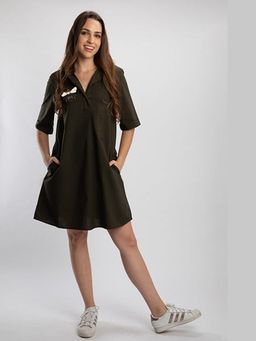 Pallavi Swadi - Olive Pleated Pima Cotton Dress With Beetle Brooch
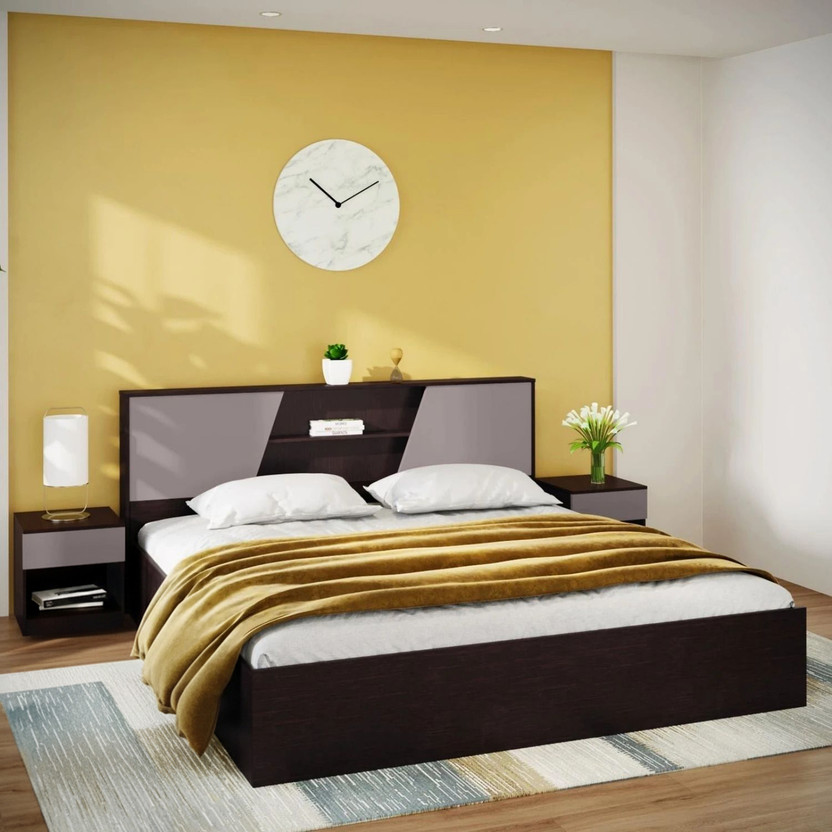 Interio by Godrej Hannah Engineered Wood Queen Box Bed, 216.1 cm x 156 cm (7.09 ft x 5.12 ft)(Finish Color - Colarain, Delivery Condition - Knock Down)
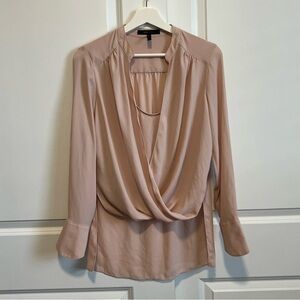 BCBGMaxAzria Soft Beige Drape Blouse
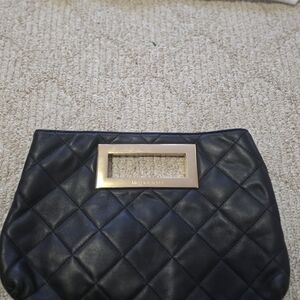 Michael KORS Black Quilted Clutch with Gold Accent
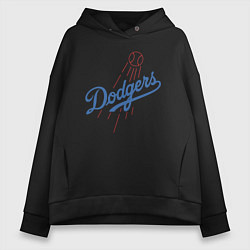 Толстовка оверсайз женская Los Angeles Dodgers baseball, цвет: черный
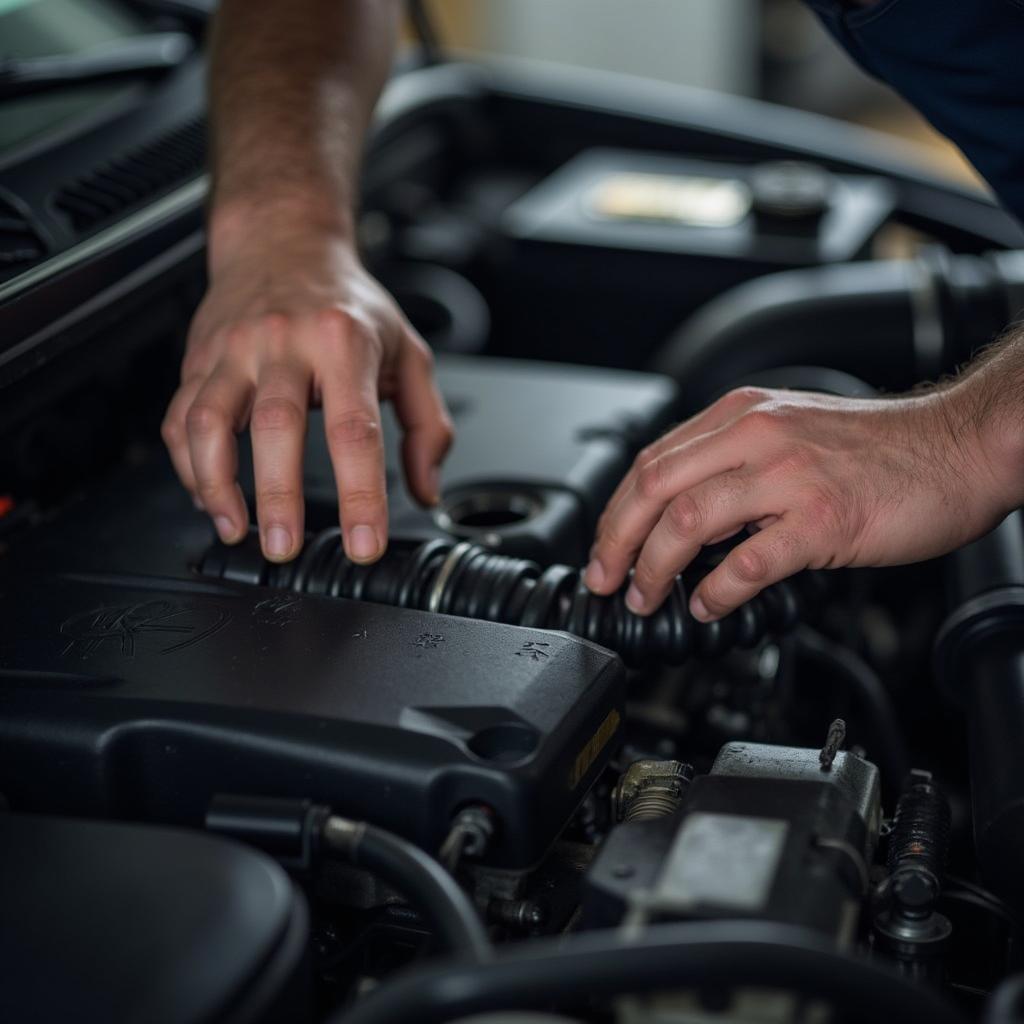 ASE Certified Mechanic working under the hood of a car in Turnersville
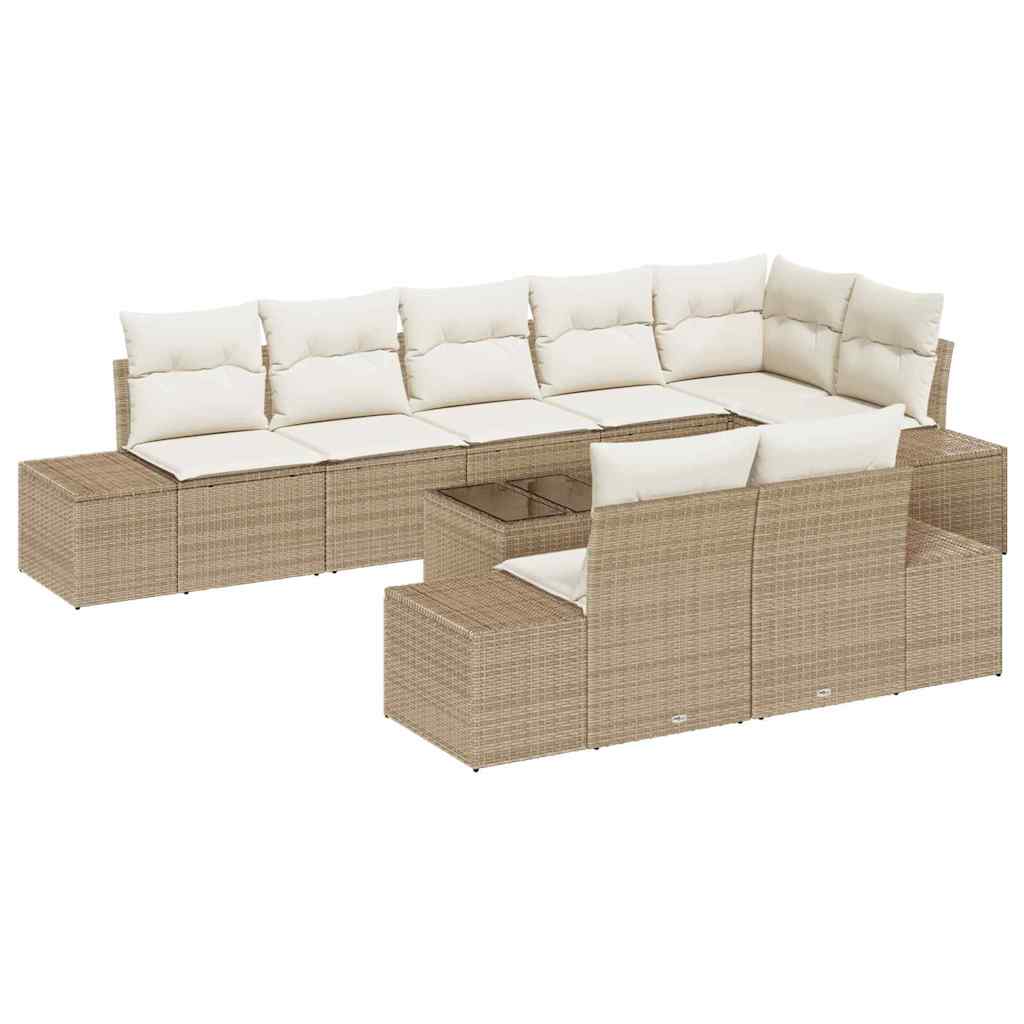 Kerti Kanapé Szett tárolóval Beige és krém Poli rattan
::::
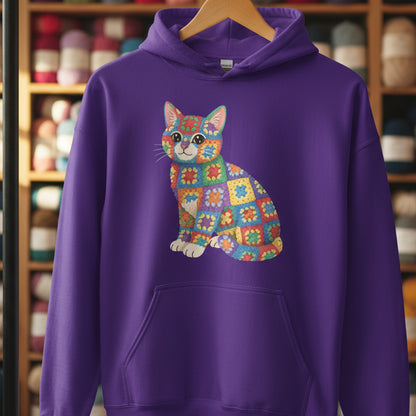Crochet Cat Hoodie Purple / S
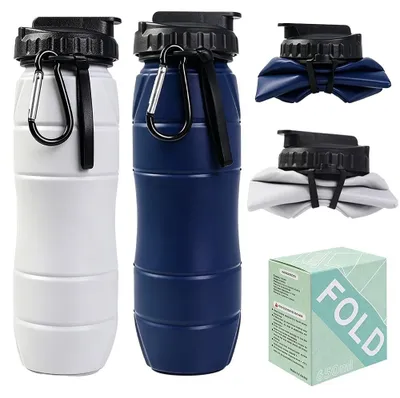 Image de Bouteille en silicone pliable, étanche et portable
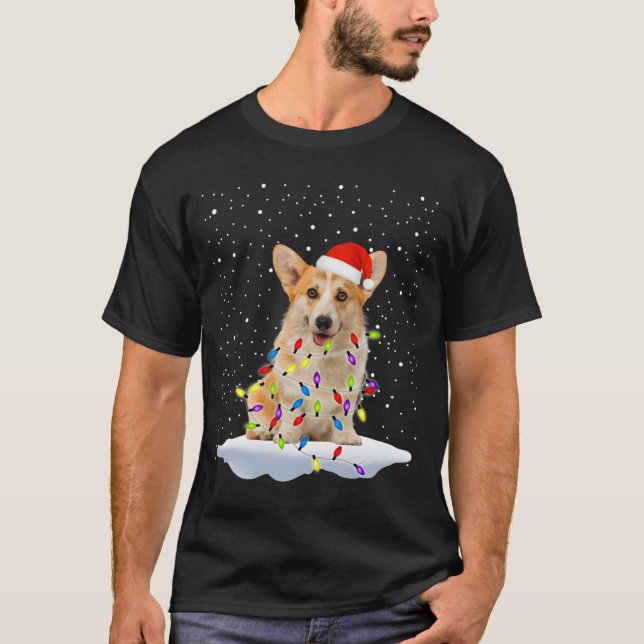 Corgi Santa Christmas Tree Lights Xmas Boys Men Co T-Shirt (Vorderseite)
::::
> [ABOUT THIS EXERCISE] What are the lines above from the one with "Image de Bouteille" to the one with "Corgi Santa Christmas", both included? Reproduce them exactly, without pictures.

> [RESULT OF THIS EXERCISE]
 Image de Bouteille en silicone pliable, étanche et portable
 Corgi Santa Christmas Tree Lights Xmas Boys Men Co T-Shirt (Vorderseite)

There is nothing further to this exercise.